We Say to the Military Industrial Complex We Will Not Continue to Spend $700 Billion Per Year on War
Tim Hains / RealClearPolitics
(May 28, 2019) — At a campaign rally Saturday in Burlington, Vermont, Sen. Bernie Sanders outlined his anti-war foreign policy, saying: “I make no apologies for trying to do everything that I can to make sure this country does not get into another war in the Middle East.”
“Recently I have been attacked in the media because of my views, actions, and votes on foreign policy issues,” Sanders said. “So let me be as clear as I can be. Yes, as a young man, along with Dr. Martin Luther King Jr and others, I marched against the war in Vietnam… As a member of the House of Representatives, I helped lead the opposition to the war in Iraq…
As a member of the Senate recently, I am proud to have been the lead sponsor on a resolution that, for the first time in 45 years, utilized the War Powers Act to get a majority vote in the House and the Senate to get the United States out of the horrific Saudi-led intervention in Yemen…
And finally, right now, this minute, I am doing everything that I can, working, by the way, with some honest conservatives in the Senate, to prevent Donald Trump and John Bolton from taking us into a war in Iran.”
SEN. BERNIE SANDERS: But it’s not just Wall Street and the drug companies and the insurance companies. And let me say a word about something that very few people talk about. And that is we need to take on the Military Industrial Complex.
And we say to the Military Industrial Complex that we will not continue to spend $700 billion a year on the military. We want and need a strong defense. But we do not have to spend more than the next 10 nations combined.
We are going to invest in education. We are going to invest in affordable housing. We are going to invest in rebuilding our crumbling infrastructure. But we are not going to invest in never-ending wars.
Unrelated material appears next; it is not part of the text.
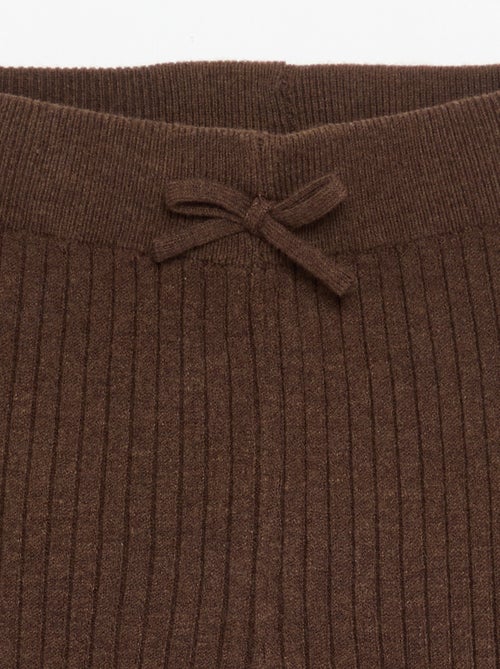 Legging en tricot uni avec noeud à la taille - Kiabi Legging en tricot uni avec noeud à la taille - Kiabi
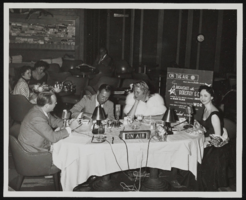 Breakfast with Dorothy and Dick radio broadcast at the Sands Hotel: photographs and correspondence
And while we are on military policy, let me say a word about foreign policy, because they are obviously interrelated. Now, recently I have been attacked in the media because of my views, actions and votes on foreign policy issues.
So let me be as clear as I can be. Yes, as a young man, along with Dr. Martin Luther King Jr and others, I marched against the war in Vietnam.
A war which ravaged my generation, which left 59,000 brave young Americans dead, as well as killing over a million Vietnamese people. I make no apologies for having opposed that war.
As a member of the House of Representatives, I helped lead the opposition to the war in Iraq.
I did not believe Dick Cheney or John Bolton or President Bush and others when they told us that Iraq had weapons of mass destruction and that we had to invade that country.
The war in Iraq turned out to be the worst foreign policy blunder in the modern history of our country and has led to the destabilization of that entire region, with more war, more death, and more suffering. I make no apology for leading the effort against the war in Iraq.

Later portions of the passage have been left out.